The birth of my twenty-one year old sister lined up perfectly with the purchase of our family camcorder. Because she’s the undisputed star of this production, the video was dubbed “The L____ Movie” and our family referred to it as such when speaking of those reels and reels of her doing anything from gumming a teething biscuit to sitting in the bathtub to emptying rolls of toilet paper while my stepdad stood idly by with the video recorder. I think these must have been the days when my mother was away at work. Looking back it’s almost as if she took off and stepfather whipped out the camera for the next episode of the play-by-play walk through her babyhood, catching her in the act of anything from sitting on a bed to listening to Raffi to messing her pants. While other kids her age wanted to veg out in front of Barney, her favorite children’s production was her very own. The rest of us have the occasional bit parts for flavor and variety.
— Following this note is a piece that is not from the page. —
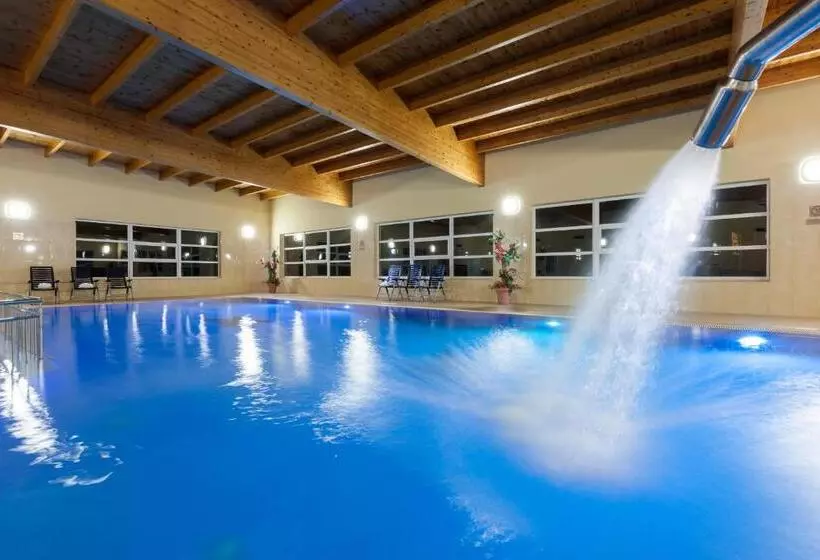 デラックストリプルルーム, Bursztyn   Bernstein Spa & Wellness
Now we’ve converted the beloved VHS to DVD, which I learn is a relatively easy process at Costco. I received it the other day in a care package (I am just tearing up the Postal System these days) and finally I had a chance to watch it. I anticipated I would feel the waves of nostalgia, and surely I did, even as I looked at images of my former self with my scabbed legs and tween awkwardness. I knew I’d laugh and certainly I did. I mean, nothing says hilarious like buck teeth and baby fat and that sweet period of time before kids realize that they need to be careful about letting all their personality hang out. But there was sadness too. I looked at the people in the videos and I thought about how twenty years changes people. We aren’t the same people we were then—we’ve grown up, we’ve grown apart, we’ve grown fatter and thinner, some have become addicts, some have found recovery, a grandma and a grandpa have died, relationships aren’t what they once were—some better, some worse, there’s innocence lost, maybe some wisdom gained.
As I sat there alone in semi-darkness watching the movie, I was reminded of the music video of Phil Collin’s Against All Odds where he’s sitting in the dark, smoking a cigarette, watching old movies on a projector. I think he is crying. That image always seared me because it made me think of my divorced parents and the empty spaces and my own father sitting in the dark watching home movies, smoking and crying. We watch these old movies because we want to go back so badly and a video is the closest thing we have to recreating a former world. It’s sad to see the happy times that will never return, the dreams that have died, the relationships that have crumbled and the life that seems easier than the one we live today.
But I don’t think we should say that the old days were better than these. Even if it feels like it. I’ll watch the DVD again and again because it’s precious to me and I don’t avoid sad things. I like sad things sometimes. I like to weep and remember that I have a beating heart that isn’t afraid to feel. I relish the things that make me long for another time and place…and help me remember that one day I am going there.